Speaking last week, Trump again attacked the commanders he himself appointed. “I’m not saying the military’s in love with me – the soldiers are, the top people in the Pentagon aren’t because they want to do nothing but fight wars, so that all of those wonderful companies that make the bombs and make the planes and make everything else stay happy,” he claimed. In fact, a new Military Times poll of service personnel suggests surging, across-the-board dissatisfaction with Trump, with 49.9% viewing him unfavourably and many planning to vote Democrat.

It takes a lot to scare American generals. Yet there is palpable anxiety in the Pentagon that Trump may attempt to co-opt the military if November’s election goes against him and he refuses to concede defeat, as many expect.
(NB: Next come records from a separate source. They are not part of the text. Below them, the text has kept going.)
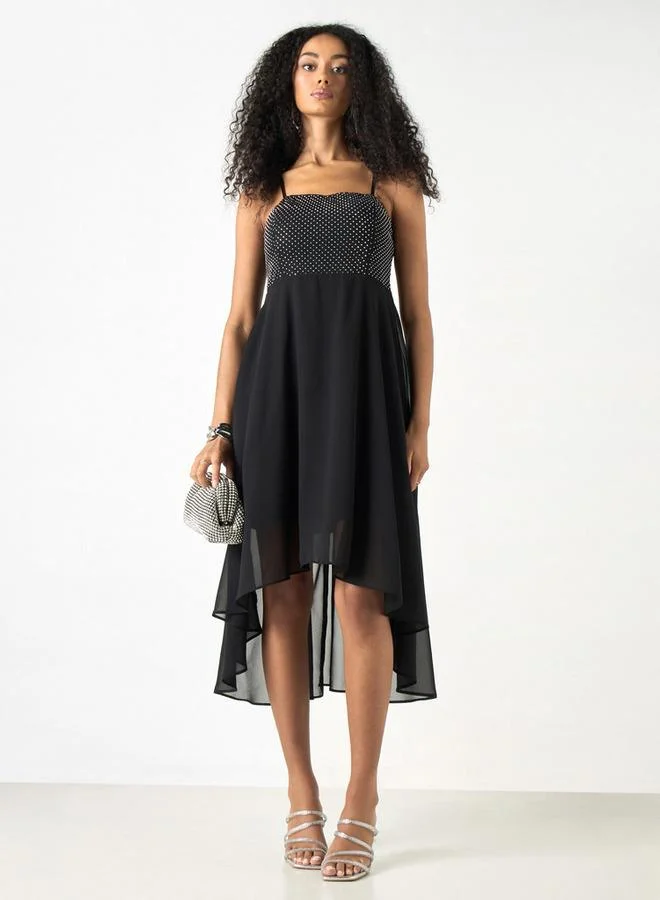 2Xtremz 2Xtremz Embellished A-line Midi Sleeveless Dress
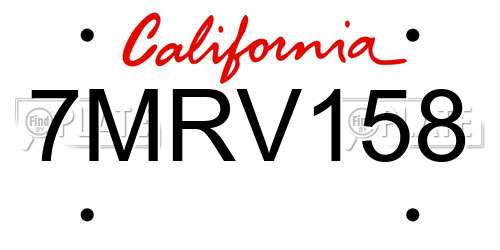 7MRV158 California License Plate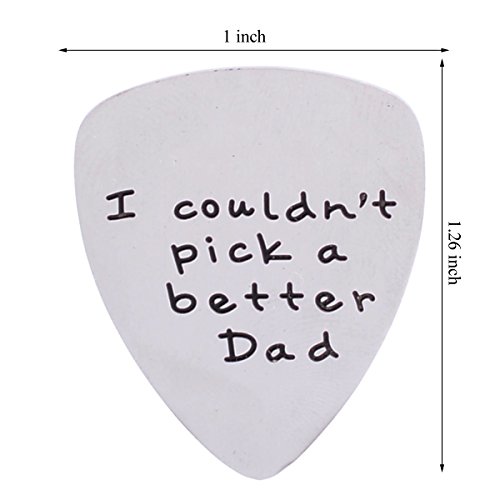 I Couldn't Pick A Better Dad Mens Stainless Steel Guitar Pick Gift For Daddy Papa Father #TOP2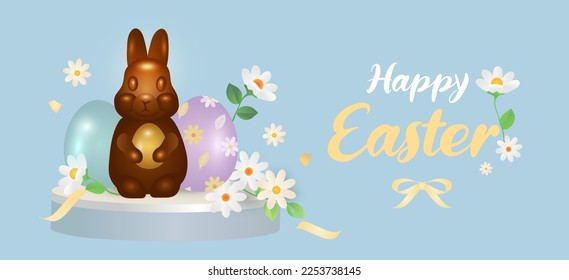 Easter banner with chocolate rabbits, Spring flowers and beautiful painted eggs. Concept of Easter egg hunt or egg decorating art.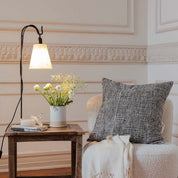 Lámpara Cencerro Pergamino Base Fierro Mesa (75cms de alto)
They worry Trump may invoke the Insurrection Act, which he wanted to do in June to quell Black Lives Matter demonstrations, and order troops on to the streets to crush opposition. Trump’s ugly mid-term election stunt in 2018, when he deployed soldiers to defend the Mexican border against an illusory migrant “invasion”, is not forgotten – although the Pentagon rather shamefully went along with it at the time.

Trump’s inflammatory Lafayette Square performance at the height of the George Floyd protests is not forgotten or forgiven, either. He used General Mark Milley, chairman of the joint chiefs of staff, as an unwitting prop in a staged photo-op designed to show he was in charge. Milley later apologised for creating “a perception of the military involved in domestic politics”. Such willingness to abuse presidential power feeds fears of an “October surprise” – a sudden order to mount a military operation abroad, timed to rally national support.

Pentagon chiefs have challenged Trump’s refusal to re-designate army bases named after confederate generals. General Jim Mattis, who quit as defence secretary in 2018, says Trump wants to politicise the military in order to fan the fires of America’s culture wars – and is a threat to democracy and national security. “Donald Trump is the first president in my lifetime who does not try to unite the American people – does not even pretend to try. Instead, he tries to divide us,” Mattis wrote.

Trump’s outlandish behaviour appears to stem from a lack of understanding of basic ideas of duty, honour, loyalty, discipline and sacrifice. According to his former lawyer, Trump dodged the Vietnam draft by simulating a physical disability, and plainly cannot grasp why anybody would risk their life for their country. He has raised the Pentagon’s budget – but for self-serving reasons. He loves big parades, medal ceremonies, and powerful weapons for the reflected glory they bring him.

On Memorial Day in 2017, while visiting the graves of American soldiers who died in Afghanistan, Trump reportedly asked: “I don’t get it. What was in it for them?” Such uncomprehending, incomprehensible ignorance is damning. Only one conclusion is possible. Trump, a man to be pitied as much as he is reviled, is demonstrably unfit to lead.